SHIZUOKA CITY, Japan, Nov 21 (Reuters) – In a still fuelled by cedar from nearby forests, Shizuoka Distillery, a leader in Japan’s new wave of independent whisky makers, crafts its spirits to tap into surging global demand.

This year marks the 100 year anniversary of whisky making in Japan since the founding of market leader Suntory’s first distillery in Yamazaki in 1923.

And at the century mark, there are now more than 100 licensed distilleries in the country – twice as much as 10 years ago – with each one vying to make its mark in a rapidly expanding market.

The cedar fire – which Shizuoka claims is the world’s only wood fuelled blaze beneath a whisky still – is one of several novelties these distilleries are using to set themselves apart.

And even though their businesses are small compared to drinks giants like Suntory, their ambitions are world-class.

Taiko Nakamura, 54, was inspired to set up Shizuoka Distillery in 2016 by a trip to Scotland.

“I saw this distillery, and I was amazed that this tiny place in the mountainous countryside was selling whisky across the globe,” he said. “So I thought it would be fun to make my own whisky and then have people from all over the world enjoy it.”

Japanese whisky turns 100 as craft distilleries transform industry

The explosion of craft whisky in Japan follows a boom and bust in the industry.


Long viewed as an inferior copycat of Scotch, Japanese single malts and blended whiskies started racking up international awards around 2008, sparking intense global demand that effectively drank the supply dry by around 2015.

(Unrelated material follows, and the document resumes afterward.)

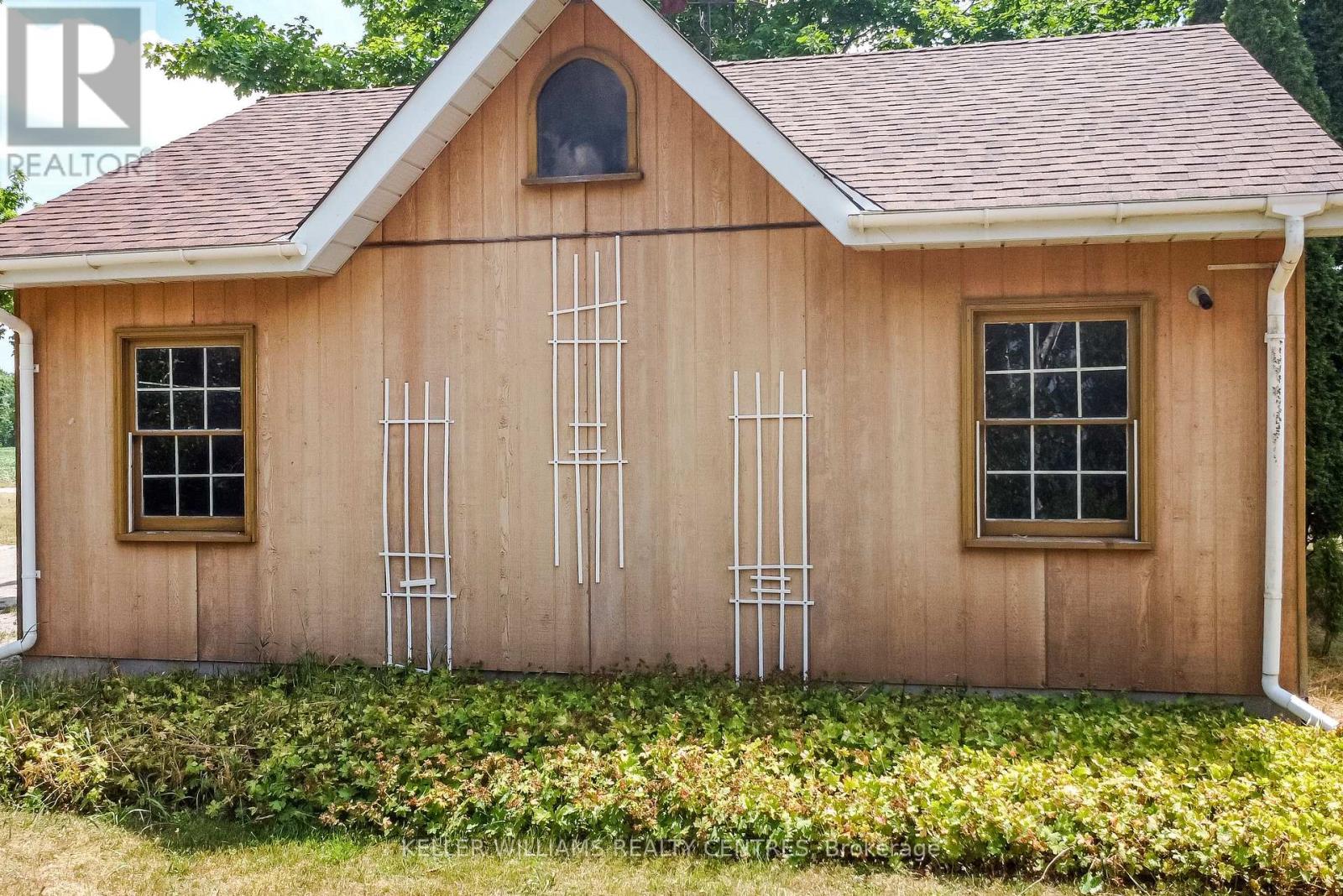 2928 12 Line N Property Photo 44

The shortage sent prices into the stratosphere. A set of 54 bottles from Ichiro’s Malt, a trailblazer in Japanese craft whisky, sold for $1.5 million in 2020 at a Hong Kong auction. Last week, Sotheby’s offered what it claimed was the most valuable collection of Japanese whisky at auction, headlined by a 52-year old bottle that sold for 300,000 pounds ($373,830).